Your model utilizes the dataset mlfoundations/datacomp_pools is licensed under the cc-by-4.0. However, the license of your model is mit, i.e., less strict than cc-by-4.0 on license terms, which may impact the whole license compatibility in your repository, thus confusing subsequent users and bringing possible legal and financial risks.
If possible, you can fix them in one of the following ways:
1.It could be helpful to select another proper license for your repository.
2.You may want to gently remind users that, in some cases, they should check both the model license and the base model license, especially when redistributing or modifying the model.
I do not speak for the organization, but I speak for myself, and my expertise in copyright law, which is vast.
The datasets may be licensed 'cc-by-4.0', but it does not hold that the model is a 'derivative work' of the dataset, because model weights are non expressive and on the opposite side of the 'idea/expression' dichotomy, and model weights which are something that is not a 'work of authorship' by a human, cannot be copyrighted whatsoever anyways.
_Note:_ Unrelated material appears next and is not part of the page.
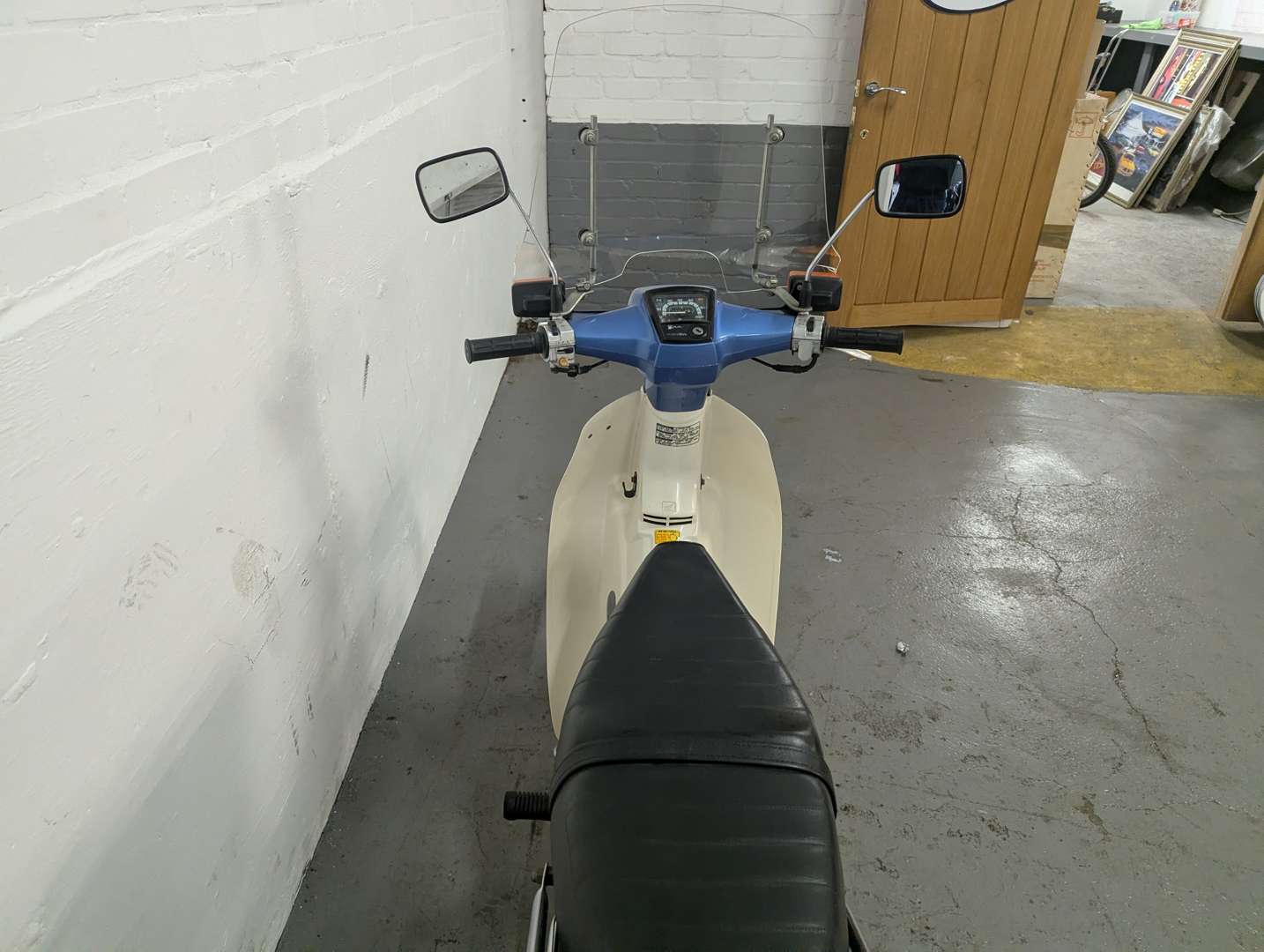 <p>1996 HONDA C90 CUB</p>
@yueyangchen AFAIK there is no legal precedent on this one way or the other as of yet. The majority of model weights in existence likely have similar concerns. Will leave as status quo.
Additionally, I believe the license on the datacomp pools is probably refering only to their contribution on top of the raw images & captions, ie the currated pools and genarated metadata themselves. The actual images and captions almost certainly do not fall under cc-by-4.0 at that scale.
Also, speaking for myself and not the HF organization.